The Institute Page 91
Wendy, Tim thought but did not say. I guess she’s the acting sheriff now. Or maybe Ronnie Gibson will be when she comes back from vacation. Probably Ronnie. Wendy won’t want the job.
Addie Goolsby and Richard Bilson were now standing with Gutaale, behind Annie and Drummer. Bilson surveyed the main room with dismay—bullet-riddled walls, broken glass, pools of blood on the floor, sprawled bodies—and put a hand to his mouth.
Addie was made of sterner stuff. “Doc’s on his way. Half the town’s out there in the street, most of em armed. What happened here? And who’s that?” She pointed at the skinny boy with the bandage on his ear.
Luke took no notice. He was fixated on the woman in the pant suit. “Stackhouse, sure. Has to be. I need to get in touch with him. How do I do that?”

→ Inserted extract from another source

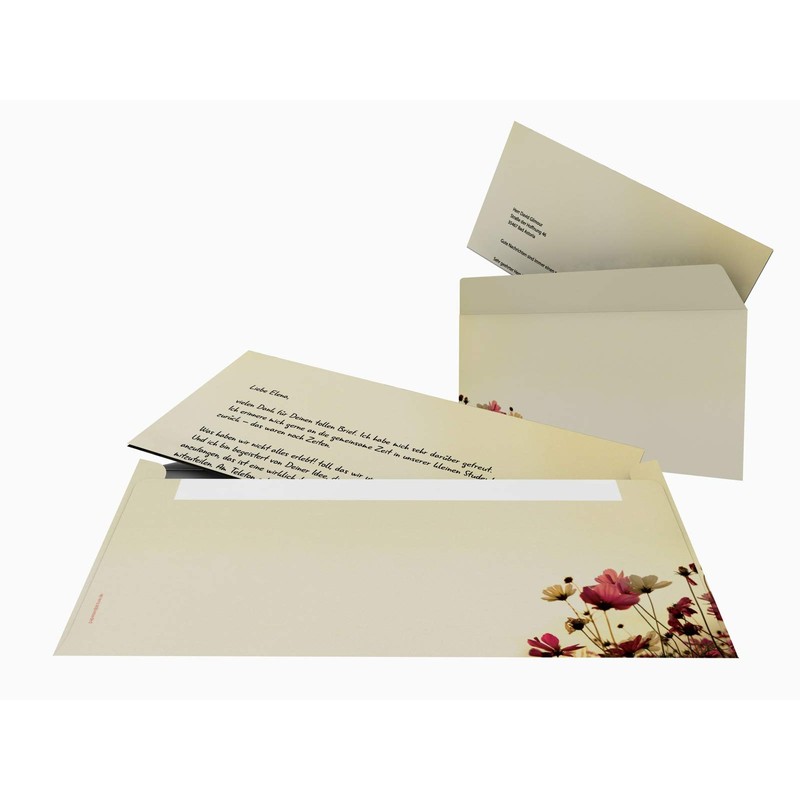Writing Paper Set 100 Pieces Sunny Flowers 50 Sheets DIN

Mrs. Sigsby only stared at him. Tim knelt beside Luke. What he saw in the pant suit woman’s eyes was pain, disbelief, and hate. He couldn’t be sure which of those predominated, but if forced to guess, he would have said hate. It was always the strongest, at least in the short term.
“Luke—”
Luke paid no attention. All of his attention was focused on the wounded woman. “I need to get in touch with him, Mrs. Sigsby. He’s holding my friends prisoner.”
“They’re not prisoners, they’re property!”
Wendy joined them. “I’m thinking you must have been absent on the day your class learned about Lincoln freeing the slaves, ma’am.”
“Come in here, shooting up our town,” Annie said. “Guess you found out, didn’t you?”
“Hush, Annie,” Wendy said.
“I need to get in touch with him, Mrs. Sigsby. I need to make a deal. Tell me how to do it.”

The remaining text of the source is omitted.